--- Supplied material Enclosed Below ---

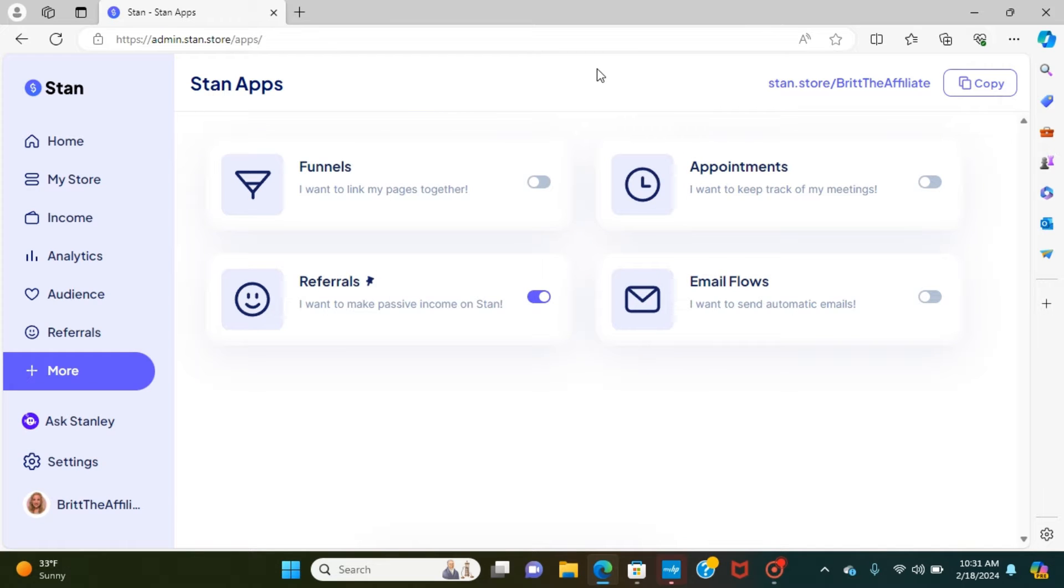Hello everyone, so this is Britt the Affiliate coming to you from my Stan store. I just recently upgraded to the $99 plan and wanted to showcase some of the upgrades that you guys were looking for.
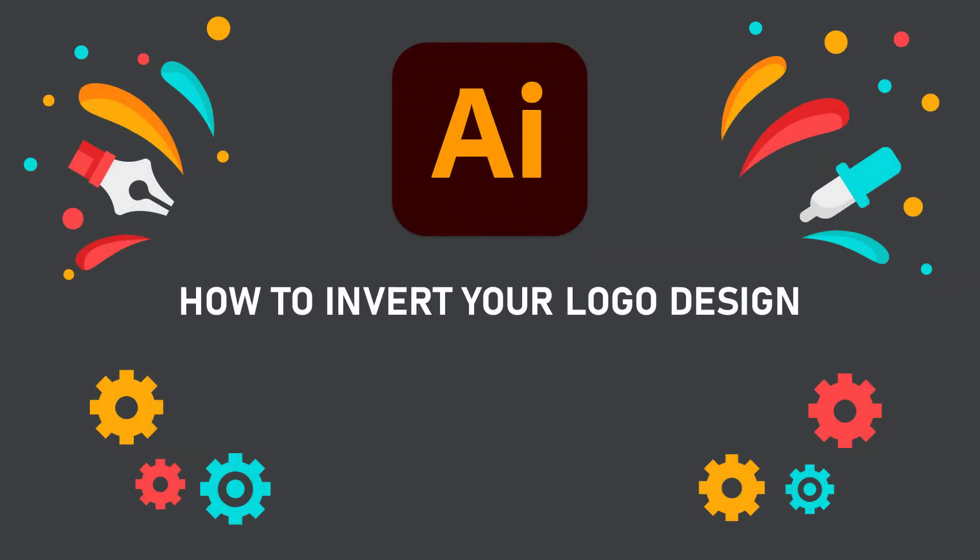Hello friends, I will show you how to invert your logo design in Adobe Illustrator.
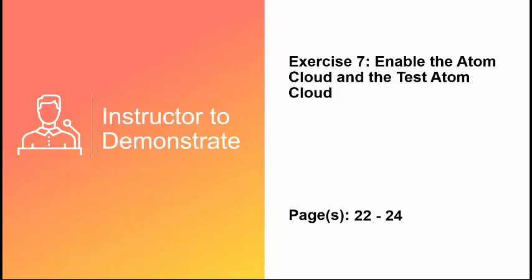We'll talk more about Atoms during the Deployment and Manage section of this class, but for now, let's enable the two Atoms which we will be using in training: the Dell Boomi Atom cloud and the Test Atom cloud.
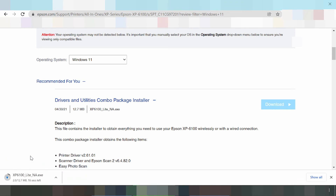The driver has finished downloading. If you need to install the driver for your printer, turn on the printer and power it on, then click Run As Administrator. The installer will automatically detect the USB printer. If you have any questions, comment below. If you need the download link, check the description below.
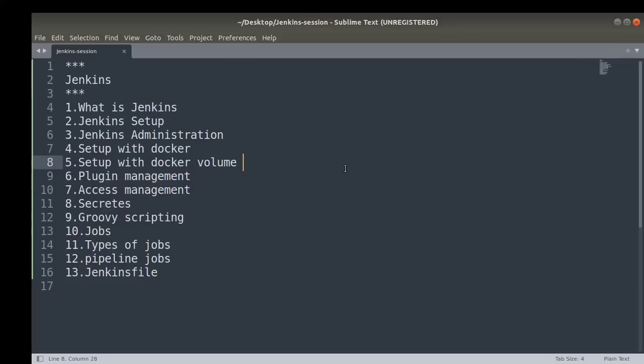Once we have set up Jenkins, the third video will cover the administration part — how to manage access control for Jenkins. There should be limited access control for jobs and for Jenkins admin users. We'll cover which plugins support that and how to configure it.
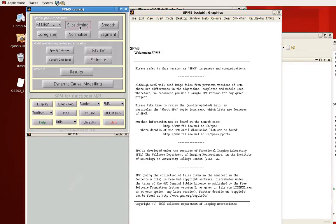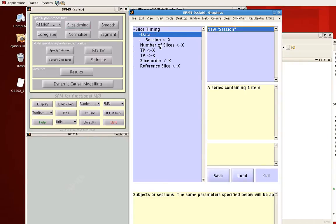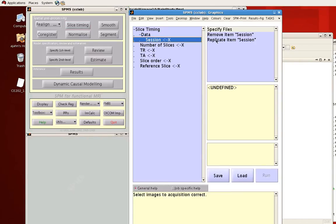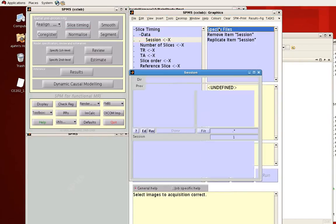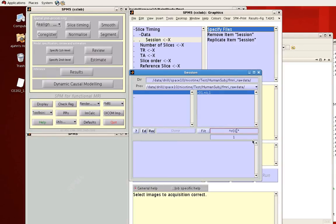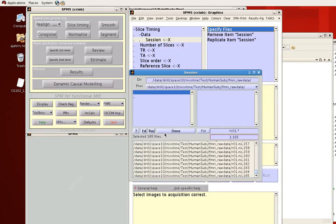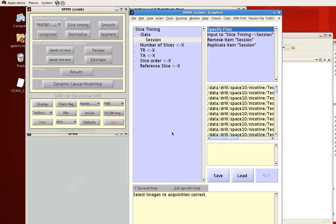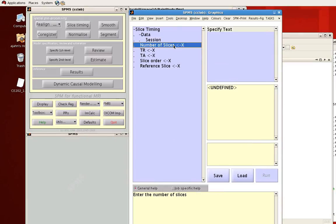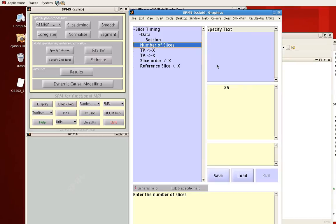So for example, if we were to do the slice timing correction step, and here we select new session and specify files here. And let's say we just want our first run that hasn't had any operations done to it yet. So I'm going to select all of those and let's just fill in this field here, so there are 35 slices.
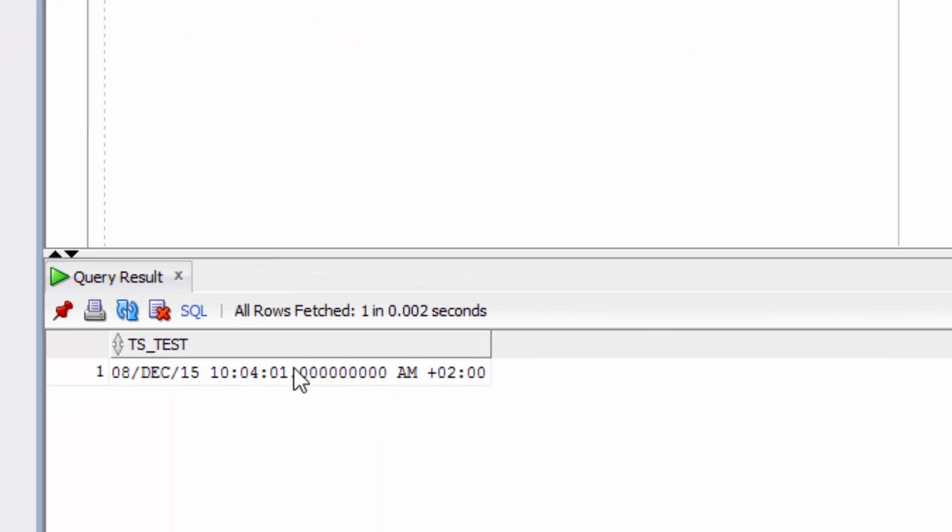You can see the same value is returned, but this is actually returned as a timestamp with timezone data type.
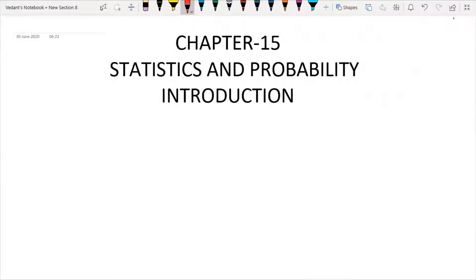Chapter 15: Statistics and Probability. In the introduction, we will first take statistics and probability. I will explain which terms are in statistics in this video. So first, let's get started.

--- End of Enclosed Supplied material ---

Within the listing above, extract exactly the lines that run from the one containing "Hello friends, I" through the one containing "You can see", excluding any pictures.

Hello friends, I will show you how to invert your logo design in Adobe Illustrator.
We'll talk more about Atoms during the Deployment and Manage section of this class, but for now, let's enable the two Atoms which we will be using in training: the Dell Boomi Atom cloud and the Test Atom cloud.
The driver has finished downloading. If you need to install the driver for your printer, turn on the printer and power it on, then click Run As Administrator. The installer will automatically detect the USB printer. If you have any questions, comment below. If you need the download link, check the description below.
Once we have set up Jenkins, the third video will cover the administration part — how to manage access control for Jenkins. There should be limited access control for jobs and for Jenkins admin users. We'll cover which plugins support that and how to configure it.
So for example, if we were to do the slice timing correction step, and here we select new session and specify files here. And let's say we just want our first run that hasn't had any operations done to it yet. So I'm going to select all of those and let's just fill in this field here, so there are 35 slices.
You can see the same value is returned, but this is actually returned as a timestamp with timezone data type.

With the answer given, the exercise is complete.